Task to complete:
What do the lines say from the start of the entries through the one containing "Tivi – handcrafted"? Repeat them exactly.

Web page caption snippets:

----------

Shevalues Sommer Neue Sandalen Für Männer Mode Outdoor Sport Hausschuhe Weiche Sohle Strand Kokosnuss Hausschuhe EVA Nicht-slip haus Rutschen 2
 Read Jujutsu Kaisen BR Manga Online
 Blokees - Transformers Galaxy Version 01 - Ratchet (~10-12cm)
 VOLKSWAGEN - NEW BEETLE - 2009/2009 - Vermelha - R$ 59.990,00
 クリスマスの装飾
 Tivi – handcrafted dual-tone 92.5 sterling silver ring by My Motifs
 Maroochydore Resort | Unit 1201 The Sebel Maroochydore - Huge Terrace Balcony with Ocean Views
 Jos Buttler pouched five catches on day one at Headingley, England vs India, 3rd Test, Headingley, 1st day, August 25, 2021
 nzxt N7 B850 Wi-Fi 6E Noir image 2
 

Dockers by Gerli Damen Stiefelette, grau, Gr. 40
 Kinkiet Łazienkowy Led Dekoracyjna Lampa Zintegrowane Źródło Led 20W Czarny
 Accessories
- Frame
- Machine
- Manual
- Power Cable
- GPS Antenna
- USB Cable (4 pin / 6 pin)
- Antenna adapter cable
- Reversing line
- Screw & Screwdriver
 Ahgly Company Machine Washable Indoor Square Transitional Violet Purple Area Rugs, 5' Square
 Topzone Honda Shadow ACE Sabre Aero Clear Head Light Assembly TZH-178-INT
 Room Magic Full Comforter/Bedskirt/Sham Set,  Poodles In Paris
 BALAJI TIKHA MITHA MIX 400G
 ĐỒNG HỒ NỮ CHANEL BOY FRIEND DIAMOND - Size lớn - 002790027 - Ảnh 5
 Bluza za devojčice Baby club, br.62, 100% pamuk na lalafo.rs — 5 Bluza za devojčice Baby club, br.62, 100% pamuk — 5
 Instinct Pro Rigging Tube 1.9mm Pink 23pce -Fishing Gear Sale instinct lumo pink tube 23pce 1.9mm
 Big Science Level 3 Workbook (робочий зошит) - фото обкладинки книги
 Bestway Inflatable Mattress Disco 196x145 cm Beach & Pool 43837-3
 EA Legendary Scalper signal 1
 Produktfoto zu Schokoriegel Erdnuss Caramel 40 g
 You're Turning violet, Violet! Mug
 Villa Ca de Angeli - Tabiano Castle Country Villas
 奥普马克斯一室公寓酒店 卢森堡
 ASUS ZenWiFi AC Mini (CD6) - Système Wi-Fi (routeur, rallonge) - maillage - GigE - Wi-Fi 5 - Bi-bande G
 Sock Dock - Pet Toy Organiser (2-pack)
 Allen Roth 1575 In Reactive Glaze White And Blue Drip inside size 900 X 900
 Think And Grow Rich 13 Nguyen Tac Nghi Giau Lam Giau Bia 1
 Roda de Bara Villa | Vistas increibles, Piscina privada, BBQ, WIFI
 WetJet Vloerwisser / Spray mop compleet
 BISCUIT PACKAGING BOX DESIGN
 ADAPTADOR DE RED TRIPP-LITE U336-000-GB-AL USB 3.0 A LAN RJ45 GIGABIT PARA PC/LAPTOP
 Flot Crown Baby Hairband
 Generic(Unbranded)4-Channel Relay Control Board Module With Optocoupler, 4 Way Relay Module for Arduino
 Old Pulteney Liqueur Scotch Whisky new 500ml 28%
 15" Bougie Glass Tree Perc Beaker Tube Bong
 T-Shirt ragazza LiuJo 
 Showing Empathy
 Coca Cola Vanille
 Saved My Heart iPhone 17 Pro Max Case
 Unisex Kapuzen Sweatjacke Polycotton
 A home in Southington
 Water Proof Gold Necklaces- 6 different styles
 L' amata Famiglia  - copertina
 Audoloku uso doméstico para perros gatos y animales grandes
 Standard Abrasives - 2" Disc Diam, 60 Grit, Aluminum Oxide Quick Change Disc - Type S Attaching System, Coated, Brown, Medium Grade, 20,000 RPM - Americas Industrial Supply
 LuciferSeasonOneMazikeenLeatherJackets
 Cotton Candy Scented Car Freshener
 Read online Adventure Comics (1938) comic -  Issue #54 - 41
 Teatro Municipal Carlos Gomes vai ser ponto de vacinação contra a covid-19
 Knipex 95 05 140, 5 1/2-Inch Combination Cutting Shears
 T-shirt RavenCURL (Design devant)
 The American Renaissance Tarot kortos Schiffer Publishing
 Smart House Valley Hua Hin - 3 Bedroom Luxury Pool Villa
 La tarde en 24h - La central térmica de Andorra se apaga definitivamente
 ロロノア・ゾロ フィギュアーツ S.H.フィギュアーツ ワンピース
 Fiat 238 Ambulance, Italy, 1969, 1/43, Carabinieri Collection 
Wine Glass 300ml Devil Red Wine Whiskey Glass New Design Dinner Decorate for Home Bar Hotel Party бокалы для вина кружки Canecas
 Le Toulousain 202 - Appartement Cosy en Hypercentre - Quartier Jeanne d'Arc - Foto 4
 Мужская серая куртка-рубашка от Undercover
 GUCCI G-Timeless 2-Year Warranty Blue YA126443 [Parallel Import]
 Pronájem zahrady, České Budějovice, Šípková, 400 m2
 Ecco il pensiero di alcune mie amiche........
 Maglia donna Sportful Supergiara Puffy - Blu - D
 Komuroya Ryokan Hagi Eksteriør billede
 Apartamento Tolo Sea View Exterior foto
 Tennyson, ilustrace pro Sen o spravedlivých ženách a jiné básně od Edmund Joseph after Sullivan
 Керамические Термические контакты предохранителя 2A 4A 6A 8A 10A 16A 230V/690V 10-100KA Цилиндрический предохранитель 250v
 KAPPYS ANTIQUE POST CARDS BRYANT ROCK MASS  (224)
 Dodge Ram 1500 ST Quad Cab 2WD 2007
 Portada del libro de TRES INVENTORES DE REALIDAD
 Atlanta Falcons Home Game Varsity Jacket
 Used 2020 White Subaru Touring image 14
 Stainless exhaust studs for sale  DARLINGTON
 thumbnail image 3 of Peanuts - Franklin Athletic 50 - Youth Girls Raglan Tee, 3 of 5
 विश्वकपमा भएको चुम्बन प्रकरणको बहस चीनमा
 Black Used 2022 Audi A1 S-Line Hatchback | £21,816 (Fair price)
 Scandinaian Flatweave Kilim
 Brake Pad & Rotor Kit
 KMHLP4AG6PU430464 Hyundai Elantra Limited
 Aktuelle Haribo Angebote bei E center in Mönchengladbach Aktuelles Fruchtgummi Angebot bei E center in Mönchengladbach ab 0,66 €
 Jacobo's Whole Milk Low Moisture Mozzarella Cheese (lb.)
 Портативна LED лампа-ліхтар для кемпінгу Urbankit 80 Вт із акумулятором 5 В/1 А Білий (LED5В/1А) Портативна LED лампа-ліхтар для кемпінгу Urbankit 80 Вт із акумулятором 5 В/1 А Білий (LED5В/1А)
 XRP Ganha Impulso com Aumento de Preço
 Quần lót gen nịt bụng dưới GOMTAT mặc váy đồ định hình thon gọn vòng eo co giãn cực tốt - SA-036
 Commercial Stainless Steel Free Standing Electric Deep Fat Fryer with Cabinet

----------

Answer below:
Shevalues Sommer Neue Sandalen Für Männer Mode Outdoor Sport Hausschuhe Weiche Sohle Strand Kokosnuss Hausschuhe EVA Nicht-slip haus Rutschen 2
 Read Jujutsu Kaisen BR Manga Online
 Blokees - Transformers Galaxy Version 01 - Ratchet (~10-12cm)
 VOLKSWAGEN - NEW BEETLE - 2009/2009 - Vermelha - R$ 59.990,00
 クリスマスの装飾
 Tivi – handcrafted dual-tone 92.5 sterling silver ring by My Motifs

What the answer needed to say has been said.